__Exercise data__
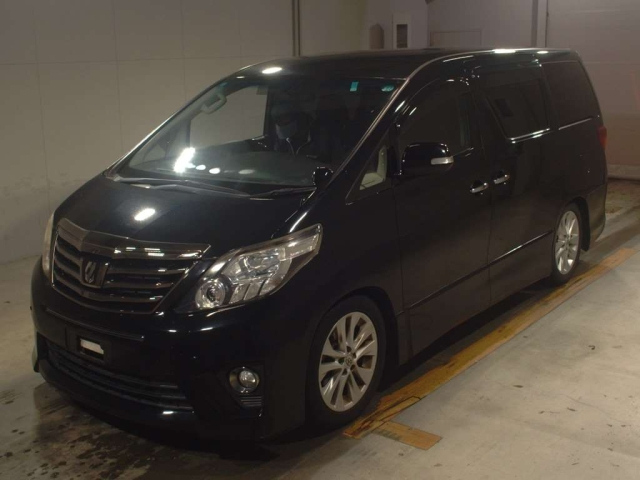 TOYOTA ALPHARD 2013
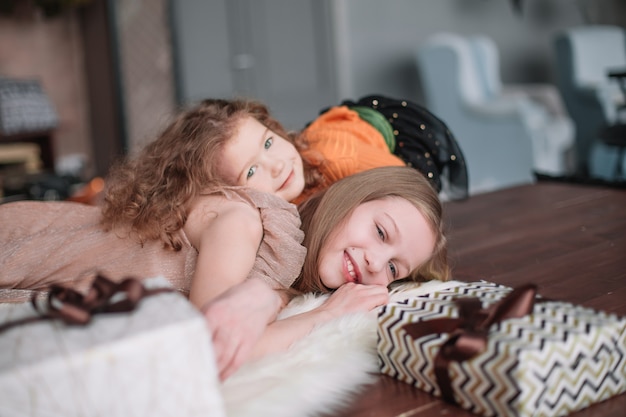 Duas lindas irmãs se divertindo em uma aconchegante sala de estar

==

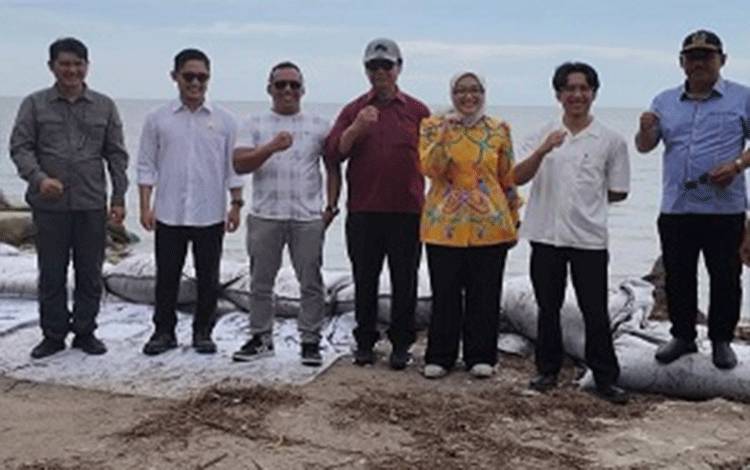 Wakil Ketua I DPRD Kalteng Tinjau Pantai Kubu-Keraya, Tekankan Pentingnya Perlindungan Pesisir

__How to complete this task__
Print, word for word, the lines above that run from the line containing "TOYOTA ALPHARD 2013" to the line containing "Duas lindas irmãs", both included. Keep the pictures out.

__Task answer__
 TOYOTA ALPHARD 2013
 Duas lindas irmãs se divertindo em uma aconchegante sala de estar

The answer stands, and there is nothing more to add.